Ah, once again we hear about Taurus's non-existent quality control!

Honing the chambers to make them a little larger will not solve your problem. Instead, they need to be _smoother_.

First of all-I hate to ask-are you sure that the .22 Magnum cylinder is properly chambered for that cartridge? If there is a slight ridge at the front of the chamber, as if the cylinder started life as a .22 LR, the longer Magnum cartridge will "lock onto" that ridge when the case expands upon being fired.

Similarly, if there is _any_ roughness in the chambers, the expanded case will "lock onto" it, making extraction difficult. Making the chamber bigger in diameter without afterward removing the roughness won't solve the problem.

Then, if the chambers do not properly line up with the barrel, then the gun is "out of time," will shave lead from the bullets entering the barrel, and cannot be made to shoot accurately. You would need a sophisticated measuring tool, called a "range rod," to find out if this is the case.
However, if I remember correctly, the .22 Magnum case and bullet is slightly larger in diameter than is the .22 LR, so merely eyeballing the way the .22 Magnum cylinder lines up with the barrel may not tell you anything. It may appear that the cylinder is out of time, while actually it is not.
(Please reassure me, that you are not looking down the barrel at a loaded round in the gun's chamber!)
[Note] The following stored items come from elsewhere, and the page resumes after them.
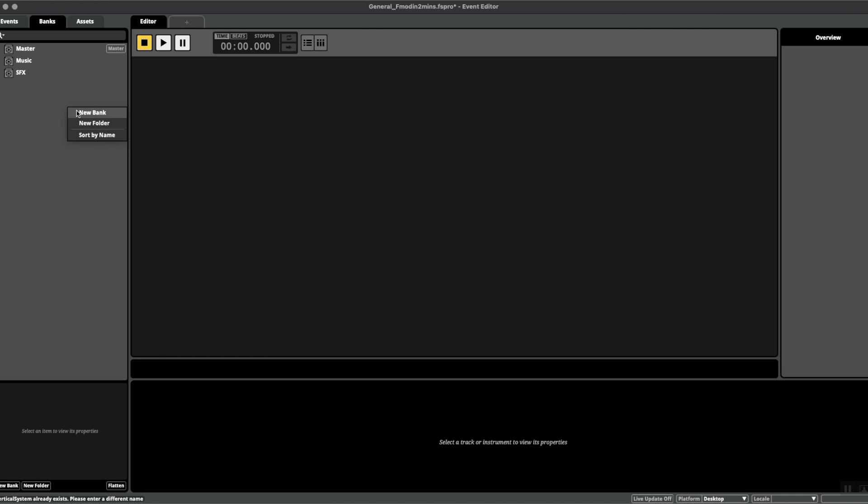You could also go one further depending on the game and the size of the project. Perhaps it's more efficient to have one per level.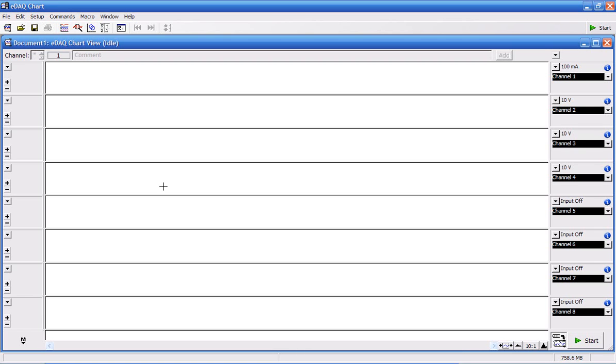You can use the EDAC potentiostat for chronoamperometry experiments. This is where you apply a constant voltage and monitor the current with time. The chart software is normally used for this.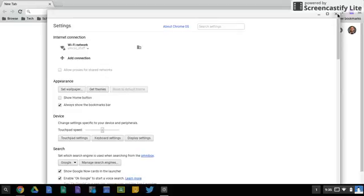So I can just X that out, but before I do I want to show you one other thing. Another feature in the settings menu is a search bar at the top.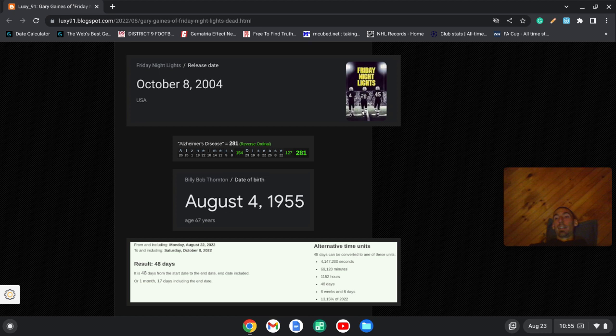that means that Gary Gaines died on Billy Bob Thornton's 19th day of his age. And Billy Bob Thornton is 67 years old right now, the 19th prime number.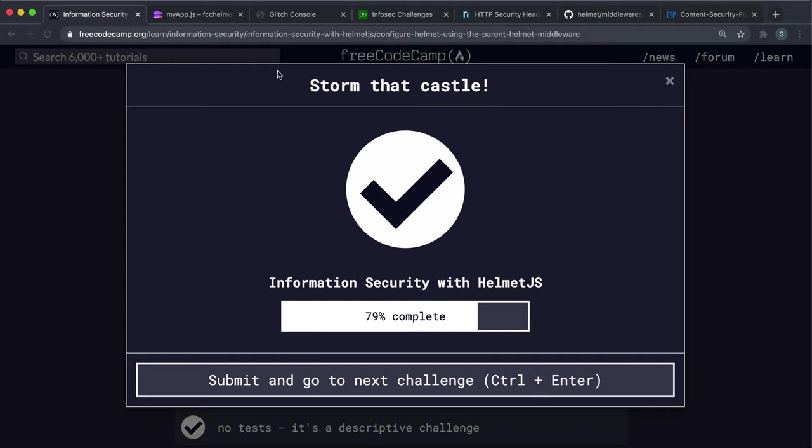That's everything for this Helmet. So we've done all the Helmet challenges now. And next, we're going to move on to looking at password security with bcrypt.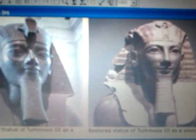Look at both of these carefully. This is supposed to be the same individual, the same pharaoh. Here you can see the unrestored statue of Thutmose III as a young man, and this right here is said to be the restored statue of Thutmose III as a young man. Look at both of them and compare and contrast — do they look like the same individual, even remotely?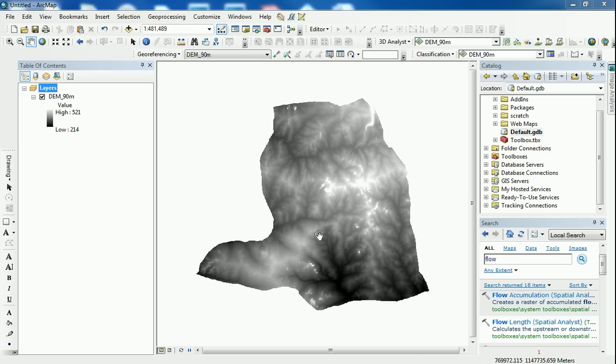They're just some errors that might have occurred during the collection or maybe the interpolation technique that's been used for the creation of the elevation model. So what we are going to do first is to hydrologically correct the dataset.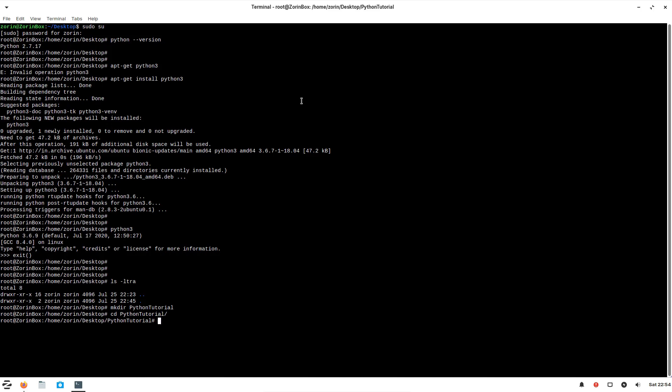I usually keep my scripts under bin directory and the config files or any reference files under etc. So I'll make two more directories, then etc. Then we need a log directory and script directory.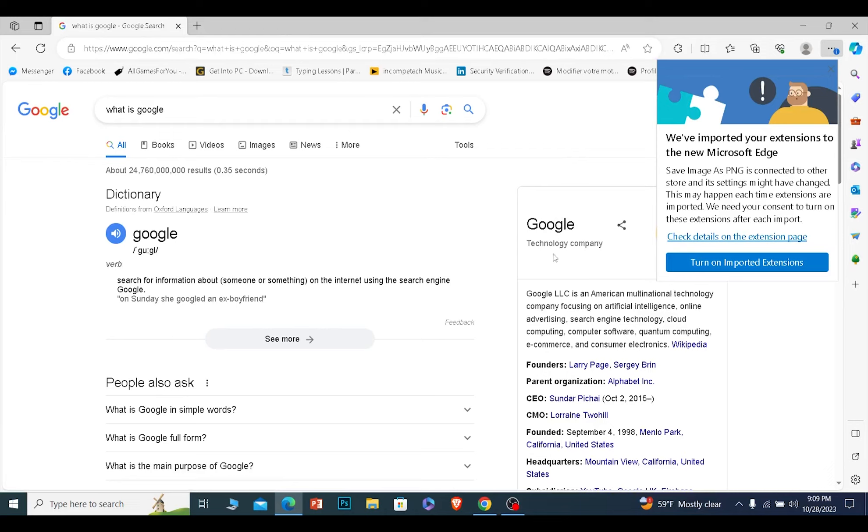So let me just search something over here so it'll show you that it's been searched in Google. I'll just search for what is and as you can see it has automatically searched in Google just like that. So I hope you understand.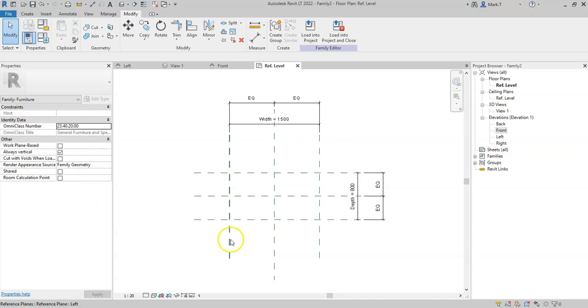So that is the basics of creating dimensions and then creating parameters in order to drive and define the geometry. In the next video, we'll finally start adding some geometry to start creating our dining table.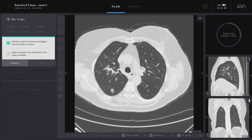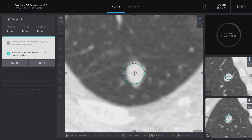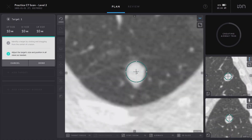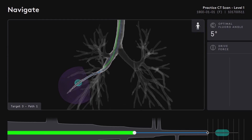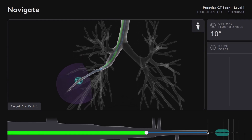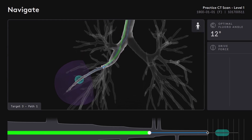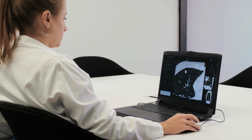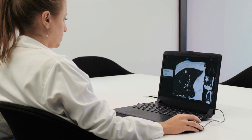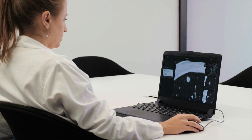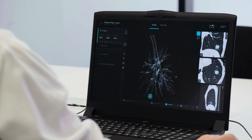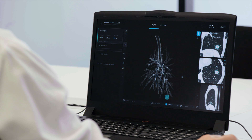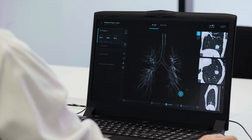The Ion Plan Point software uses patient CT scans to create 3D airway trees of the lung and navigation pathways for use with Ion. A simple user interface allows the user to identify a target and generate a pre-planned path to the pulmonary nodule.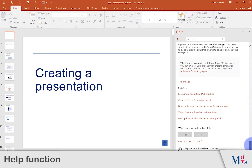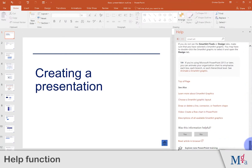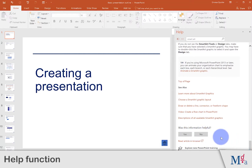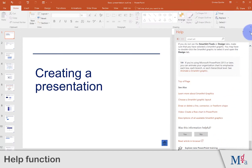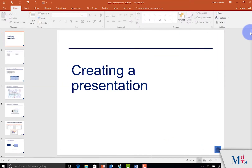Once you've read the help on that topic, you can provide feedback — was it helpful, yes or no? To close the help pane, click on the cross in the top right corner.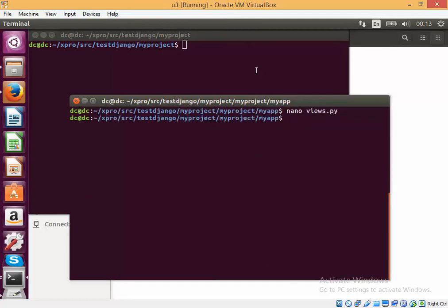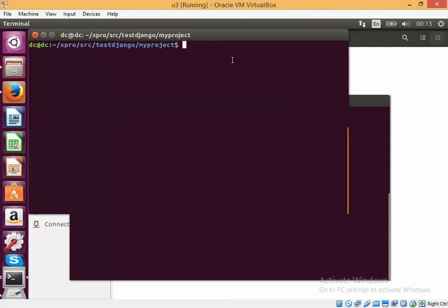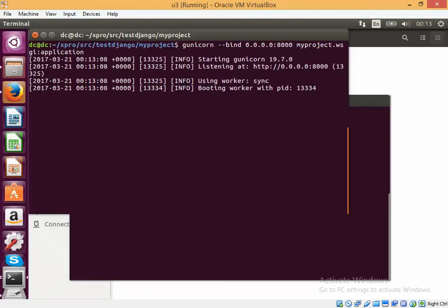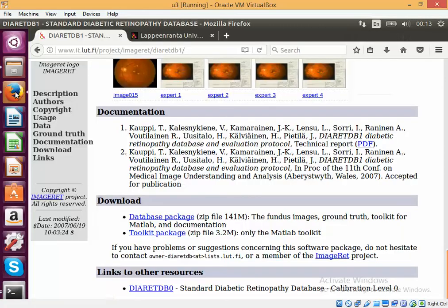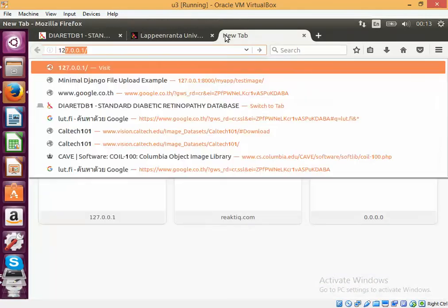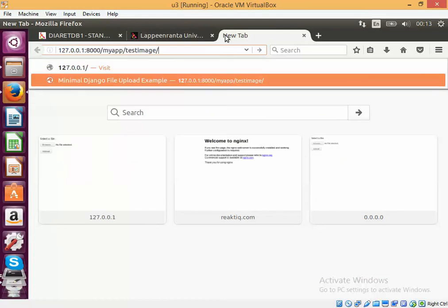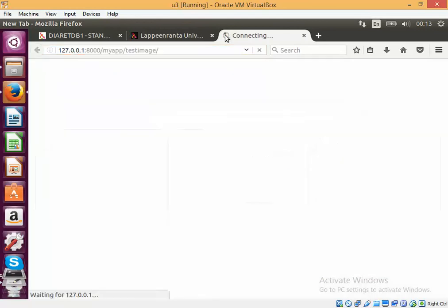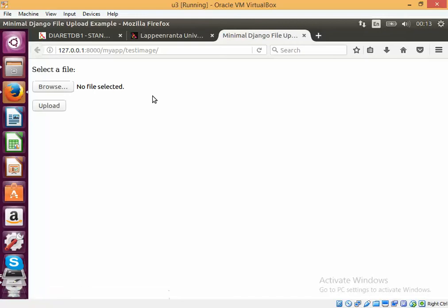So let's start the Gunicorn server. You see it has started already. Let's go. Okay, so we have got the web page. In the web page we can browse.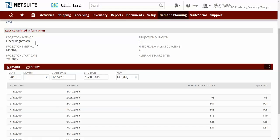In addition to linear regression, projection methods such as moving average, sales forecast, and seasonal average are also available to use.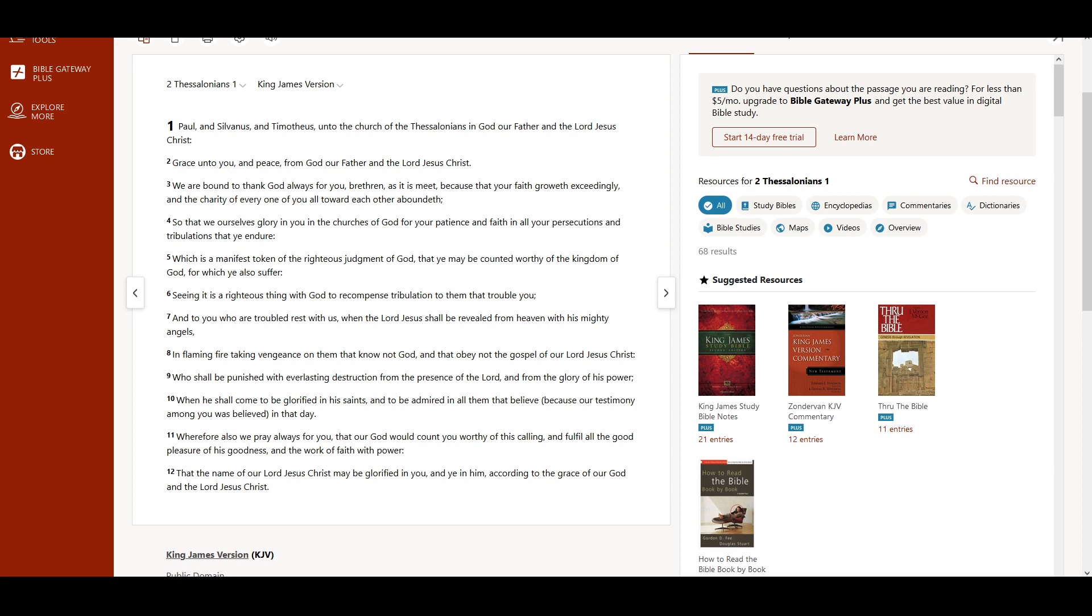2 Thessalonians chapter 1. Paul and Silvanus and Timotheus unto the church of the Thessalonians in God our Father and the Lord Jesus Christ. Grace unto you and peace from God our Father and the Lord Jesus Christ.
From what I've read of other people's complaints about Taurus, both QC and customer service, I would not expect that your problems will ever be appropriately addressed and repaired.
Sorry 'bout that.


----------



## ejohnp (Oct 2, 2014)

Steve M1911A1 said:


> ...........
> Then, if the chambers do not properly line up with the barrel, then the gun is "out of time," will shave lead from the bullets entering the barrel, and cannot be made to shoot accurately. You would need a sophisticated measuring tool, called a "range rod," to find out if this is the case.
> However, if I remember correctly, the .22 Magnum case and bullet is slightly larger in diameter than is the .22 LR, so merely eyeballing the way the .22 Magnum cylinder lines up with the barrel may not tell you anything. It may appear that the cylinder is out of time, while actually it is not.
> (Please reassure me, that you are not looking down the barrel at a loaded round in the gun's chamber!)
> ...


As I stated, I was using empty brass for my checking. Using a light and looking down the barrel, I could see more brass showing at the bottom edge of some chambers than on others. It may have been an optical illusion due to burnt powder, etc. As to Taurus solving the problem, I have faith they will, if not, I can be a real pain, in addition to being on a number of boards where a lot of things are discussed.


----------



## Steve M1911A1 (Feb 6, 2008)

I truly hope that you will be successful in your struggle to get Taurus to make things right.

Being a pain in the posterior, and especially reminding them that you can give them a ton of bad PR, may do wonders.
Certainly, I hope so.

Good luck!


----------



## denner (Jun 3, 2011)

Here's one of a couple people with problems of shell casings sticking in Taurus revolvers. I believe you need to polish, not hone the cylinders as Steve has mentioned. If you send it back to Taurus they may make it worse if you noticed honing marks and you still have the same problem, not to mention the turn around time.


"I have an RB in 454, and I love it, but it did have problems with empty shell casings sticking in the cylinders.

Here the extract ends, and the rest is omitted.